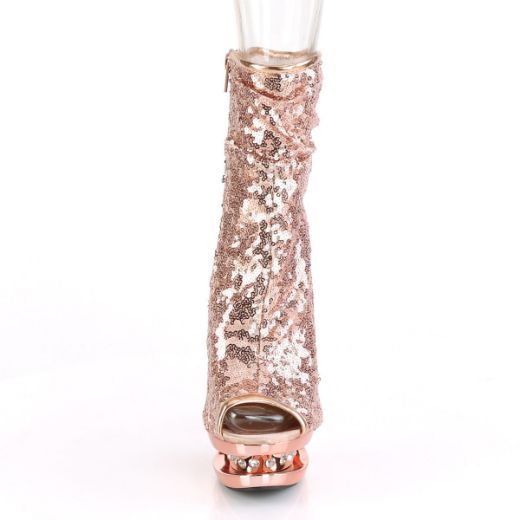 Product image of Pleaser BLONDIE-R-1008 Rose Gold Sequins/Rose Gold Chrome 6 inch (15.2 cm) Heel 1 1/2 inch (3.8 cm) Platform Sequins Open Toe Ankle Boot Side Zip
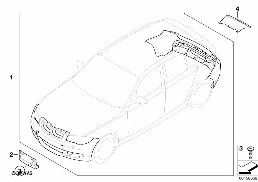 RETROFIT KIT M AERODYN. PACKAGE diagram for BMW 1 Series E81 116i 1.6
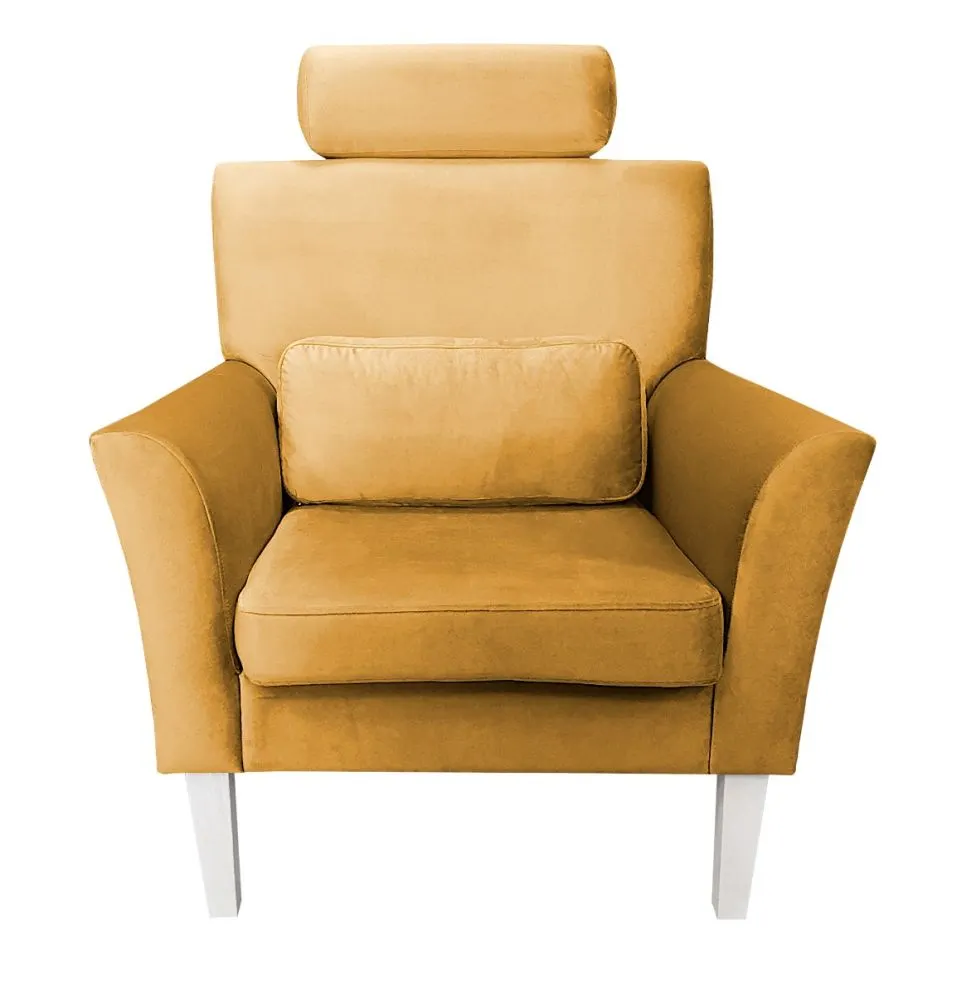 Fotel PIRO MG VELVET musztardowy/curry tapicerowany aksamitem | MIRAT. styl GLAMOUR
=-=-=
■ WHAT IS NEEDED ■
Skipping any pictures, transcribe the full listing exactly.

■ WRITTEN ANSWER ■
 Product image of Pleaser BLONDIE-R-1008 Rose Gold Sequins/Rose Gold Chrome 6 inch (15.2 cm) Heel 1 1/2 inch (3.8 cm) Platform Sequins Open Toe Ankle Boot Side Zip
 RETROFIT KIT M AERODYN. PACKAGE diagram for BMW 1 Series E81 116i 1.6
 Fotel PIRO MG VELVET musztardowy/curry tapicerowany aksamitem | MIRAT. styl GLAMOUR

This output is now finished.